* **LISTED RECORDS**:
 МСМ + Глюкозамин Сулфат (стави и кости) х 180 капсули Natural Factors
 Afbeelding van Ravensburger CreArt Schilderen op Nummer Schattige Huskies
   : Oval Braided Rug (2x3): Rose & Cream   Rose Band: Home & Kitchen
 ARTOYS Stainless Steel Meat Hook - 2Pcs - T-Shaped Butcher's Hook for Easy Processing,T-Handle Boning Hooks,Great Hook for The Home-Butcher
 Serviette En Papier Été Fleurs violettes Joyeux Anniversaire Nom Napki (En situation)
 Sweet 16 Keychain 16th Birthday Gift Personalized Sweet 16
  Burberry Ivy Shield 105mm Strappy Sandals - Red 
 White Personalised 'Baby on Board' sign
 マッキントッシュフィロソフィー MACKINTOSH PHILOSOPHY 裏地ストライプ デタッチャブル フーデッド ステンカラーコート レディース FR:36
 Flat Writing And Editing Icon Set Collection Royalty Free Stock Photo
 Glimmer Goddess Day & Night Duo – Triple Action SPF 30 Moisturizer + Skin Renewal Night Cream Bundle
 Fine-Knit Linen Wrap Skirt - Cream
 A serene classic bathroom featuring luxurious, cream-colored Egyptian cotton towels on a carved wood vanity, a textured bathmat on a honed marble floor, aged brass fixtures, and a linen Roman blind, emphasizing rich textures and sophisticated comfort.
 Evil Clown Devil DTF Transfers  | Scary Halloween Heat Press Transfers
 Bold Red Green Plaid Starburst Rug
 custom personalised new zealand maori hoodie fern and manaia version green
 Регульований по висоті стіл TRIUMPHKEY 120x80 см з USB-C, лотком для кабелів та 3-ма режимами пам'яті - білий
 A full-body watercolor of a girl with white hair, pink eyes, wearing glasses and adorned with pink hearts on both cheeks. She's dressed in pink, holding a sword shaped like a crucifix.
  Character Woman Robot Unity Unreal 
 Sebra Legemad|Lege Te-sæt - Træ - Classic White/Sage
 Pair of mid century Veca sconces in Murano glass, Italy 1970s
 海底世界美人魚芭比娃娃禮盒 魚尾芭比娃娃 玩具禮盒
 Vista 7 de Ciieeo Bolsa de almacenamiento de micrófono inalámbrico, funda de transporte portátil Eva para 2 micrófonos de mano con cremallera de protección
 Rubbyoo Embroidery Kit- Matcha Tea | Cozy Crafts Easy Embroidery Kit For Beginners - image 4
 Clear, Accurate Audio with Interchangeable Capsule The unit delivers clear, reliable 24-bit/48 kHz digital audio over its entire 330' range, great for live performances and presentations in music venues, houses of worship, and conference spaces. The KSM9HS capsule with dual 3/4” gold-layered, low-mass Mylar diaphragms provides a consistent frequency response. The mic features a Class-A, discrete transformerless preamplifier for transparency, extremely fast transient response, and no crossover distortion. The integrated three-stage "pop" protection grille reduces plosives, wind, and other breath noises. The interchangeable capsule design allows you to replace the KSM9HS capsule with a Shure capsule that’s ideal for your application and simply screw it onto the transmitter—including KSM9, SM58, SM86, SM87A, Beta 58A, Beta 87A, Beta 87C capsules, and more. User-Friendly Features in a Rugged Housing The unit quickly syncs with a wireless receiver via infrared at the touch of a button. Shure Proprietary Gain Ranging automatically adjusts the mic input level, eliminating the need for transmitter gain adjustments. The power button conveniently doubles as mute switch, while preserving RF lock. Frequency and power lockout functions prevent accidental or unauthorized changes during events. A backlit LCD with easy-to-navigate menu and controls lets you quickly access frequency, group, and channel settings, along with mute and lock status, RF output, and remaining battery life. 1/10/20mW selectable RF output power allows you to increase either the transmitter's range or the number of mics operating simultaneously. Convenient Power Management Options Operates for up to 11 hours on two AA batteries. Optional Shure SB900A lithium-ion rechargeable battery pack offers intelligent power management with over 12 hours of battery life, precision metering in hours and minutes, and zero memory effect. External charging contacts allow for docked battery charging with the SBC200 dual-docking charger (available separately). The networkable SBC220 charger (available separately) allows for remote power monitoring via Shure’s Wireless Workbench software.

* **ABOUT THIS EXERCISE**: A verbatim restatement of all the entries above is required.

* **EXPECTED ANSWER**:
 МСМ + Глюкозамин Сулфат (стави и кости) х 180 капсули Natural Factors
 Afbeelding van Ravensburger CreArt Schilderen op Nummer Schattige Huskies
   : Oval Braided Rug (2x3): Rose & Cream   Rose Band: Home & Kitchen
 ARTOYS Stainless Steel Meat Hook - 2Pcs - T-Shaped Butcher's Hook for Easy Processing,T-Handle Boning Hooks,Great Hook for The Home-Butcher
 Serviette En Papier Été Fleurs violettes Joyeux Anniversaire Nom Napki (En situation)
 Sweet 16 Keychain 16th Birthday Gift Personalized Sweet 16
  Burberry Ivy Shield 105mm Strappy Sandals - Red 
 White Personalised 'Baby on Board' sign
 マッキントッシュフィロソフィー MACKINTOSH PHILOSOPHY 裏地ストライプ デタッチャブル フーデッド ステンカラーコート レディース FR:36
 Flat Writing And Editing Icon Set Collection Royalty Free Stock Photo
 Glimmer Goddess Day & Night Duo – Triple Action SPF 30 Moisturizer + Skin Renewal Night Cream Bundle
 Fine-Knit Linen Wrap Skirt - Cream
 A serene classic bathroom featuring luxurious, cream-colored Egyptian cotton towels on a carved wood vanity, a textured bathmat on a honed marble floor, aged brass fixtures, and a linen Roman blind, emphasizing rich textures and sophisticated comfort.
 Evil Clown Devil DTF Transfers  | Scary Halloween Heat Press Transfers
 Bold Red Green Plaid Starburst Rug
 custom personalised new zealand maori hoodie fern and manaia version green
 Регульований по висоті стіл TRIUMPHKEY 120x80 см з USB-C, лотком для кабелів та 3-ма режимами пам'яті - білий
 A full-body watercolor of a girl with white hair, pink eyes, wearing glasses and adorned with pink hearts on both cheeks. She's dressed in pink, holding a sword shaped like a crucifix.
  Character Woman Robot Unity Unreal 
 Sebra Legemad|Lege Te-sæt - Træ - Classic White/Sage
 Pair of mid century Veca sconces in Murano glass, Italy 1970s
 海底世界美人魚芭比娃娃禮盒 魚尾芭比娃娃 玩具禮盒
 Vista 7 de Ciieeo Bolsa de almacenamiento de micrófono inalámbrico, funda de transporte portátil Eva para 2 micrófonos de mano con cremallera de protección
 Rubbyoo Embroidery Kit- Matcha Tea | Cozy Crafts Easy Embroidery Kit For Beginners - image 4
 Clear, Accurate Audio with Interchangeable Capsule The unit delivers clear, reliable 24-bit/48 kHz digital audio over its entire 330' range, great for live performances and presentations in music venues, houses of worship, and conference spaces. The KSM9HS capsule with dual 3/4” gold-layered, low-mass Mylar diaphragms provides a consistent frequency response. The mic features a Class-A, discrete transformerless preamplifier for transparency, extremely fast transient response, and no crossover distortion. The integrated three-stage "pop" protection grille reduces plosives, wind, and other breath noises. The interchangeable capsule design allows you to replace the KSM9HS capsule with a Shure capsule that’s ideal for your application and simply screw it onto the transmitter—including KSM9, SM58, SM86, SM87A, Beta 58A, Beta 87A, Beta 87C capsules, and more. User-Friendly Features in a Rugged Housing The unit quickly syncs with a wireless receiver via infrared at the touch of a button. Shure Proprietary Gain Ranging automatically adjusts the mic input level, eliminating the need for transmitter gain adjustments. The power button conveniently doubles as mute switch, while preserving RF lock. Frequency and power lockout functions prevent accidental or unauthorized changes during events. A backlit LCD with easy-to-navigate menu and controls lets you quickly access frequency, group, and channel settings, along with mute and lock status, RF output, and remaining battery life. 1/10/20mW selectable RF output power allows you to increase either the transmitter's range or the number of mics operating simultaneously. Convenient Power Management Options Operates for up to 11 hours on two AA batteries. Optional Shure SB900A lithium-ion rechargeable battery pack offers intelligent power management with over 12 hours of battery life, precision metering in hours and minutes, and zero memory effect. External charging contacts allow for docked battery charging with the SBC200 dual-docking charger (available separately). The networkable SBC220 charger (available separately) allows for remote power monitoring via Shure’s Wireless Workbench software.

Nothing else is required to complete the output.